Re: [Ntop-misc] General questions and documentation of nprobe internals

Simone Mainardi Thu, 21 Dec 2017 08:17:39 -0800

Mark,


> On 20 Dec 2017, at 13:25, Mark Petronic <[email protected]> wrote:
> 
> I am running with nprobe 8.2 in collector mode. I am currently designing a 
> collection infrastructure so I want to try to understand what nprobe is doing 
> internally as to better understand how data is being processed. I a number of 
> questions in regard to this. I have read the latest version of the user guide 
> PDF but still have some questions. I tried to organize my questions in blocks 
> to hopefully allow for easier commenting on each question. This is fairly 
> long but I figured asking this all together, in context, would be better. 
> Thanks in advance to whoever takes this on - I really appreciate it. :)
> 
> Is there any detailed documentation on what is going on internally with 
> nprobe. In particular, I am using it as a collector to forward UDP netflow v9 
> from our Cisco routers to Kafka. I am particularly interesting in 
> understanding some of these stats and what they "infer" is happening under 
> the hood:
> 
> 19/Dec/2017 13:36:09 [nprobe.c:3202] Average traffic: [0.00 pps][All Traffic 
> 0 b/sec][IP Traffic 0 b/sec][ratio -nan]
> 19/Dec/2017 13:36:09 [nprobe.c:3210] Current traffic: [0.00 pps][0 b/sec]
> 19/Dec/2017 13:36:09 [nprobe.c:3216] Current flow export rate: [1818.5 
> flows/sec]
> 19/Dec/2017 13:36:09 [nprobe.c:3219] Flow drops: [export queue too 
> long=0][too many flows=0][ELK queue flow drops=0]
> 19/Dec/2017 13:36:09 [nprobe.c:3224] Export Queue: 0/512000 [0.0 %]
> 19/Dec/2017 13:36:09 [nprobe.c:3229] Flow Buckets: 
> [active=92792][allocated=92792][toBeExported=0]
> 19/Dec/2017 13:36:09 [nprobe.c:3235] Kafka [flows exported=366299/1818.5 
> flows/sec][msgs sent=366299/1.0 flows/msg][send errors=0]
> 19/Dec/2017 13:36:09 [nprobe.c:3260] Collector Threads: [167203 pkts@0] 
> 19/Dec/2017 13:36:09 [nprobe.c:3052] Processed packets: 0 (max bucket search: 
> 8)
> 19/Dec/2017 13:36:09 [nprobe.c:3035] Fragment queue length: 0
> 19/Dec/2017 13:36:09 [nprobe.c:3061] Flow export stats: [0 bytes/0 pkts][0 
> flows/0 pkts sent]
> 19/Dec/2017 13:36:09 [nprobe.c:3068] Flow collection:   [collected pkts: 
> 167203][processed flows: 4561802]
> 19/Dec/2017 13:36:09 [nprobe.c:3071] Flow drop stats:   [0 bytes/0 pkts][0 
> flows]
> 19/Dec/2017 13:36:09 [nprobe.c:3076] Total flow stats:  [0 bytes/0 pkts][0 
> flows/0 pkts sent]
> 19/Dec/2017 13:36:09 [nprobe.c:3087] Kafka [flows exported=366299][msgs 
> sent=366299/1.0 flows/msg][send errors=0]
> 
> For these two stats:
> 
> Flow collection:   [collected pkts: 167203][processed flows: 4561802]
> Kafka [flows exported=366299][msgs sent=366299/1.0 flows/msg][send errors=0]
> 
> I am thinking they mean that 167203 UDP packets where received from routers 
> comprising a total of 4561802 individual flow records. However, is see only 
> 366299 flows exported to Kafka. So, am I correct in assuming that nprobe is 
> doing some internal aggregation of flow records that is essentially squashing 
> the 4561802 received flow records into 366299 aggregates?
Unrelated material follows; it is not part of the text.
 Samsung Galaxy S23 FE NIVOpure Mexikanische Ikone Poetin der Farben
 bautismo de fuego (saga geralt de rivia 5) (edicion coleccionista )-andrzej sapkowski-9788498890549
Yes it does some internal aggregations based on the 5-tuple and the timeouts 
configured (see. --lifetime-timeout and --idle-timeout).

If you want to disable any internal aggregation use option --disable-cache

> 
> A follow on question to this, then, is related to:
> 
> Flow Buckets: [active=92792][allocated=92792][toBeExported=0]
> 
> What are these and how are they utilized? Again, I am assuming these are hash 
> buckets used for internal aggregation per the user's guide.

Correct

> I have seen warning indicating that the allotment of these buckets are too 
> small and to expect drops. So, my guess is, based on flows/sec ingested, 
> these have to be sized appropriately to support the flow volume. Is that a 
> correct assumption? 

Correct. Increase it with --hash-size if necessary.

> 
> I also notice that, when I start up nprobe in collector mode publishing to 
> Kafka, it takes about 30 or more seconds before any flows actually are 
> published to Kafka. This leads me to believe internal aggregations are 
> occurring that are delaying publishing of data.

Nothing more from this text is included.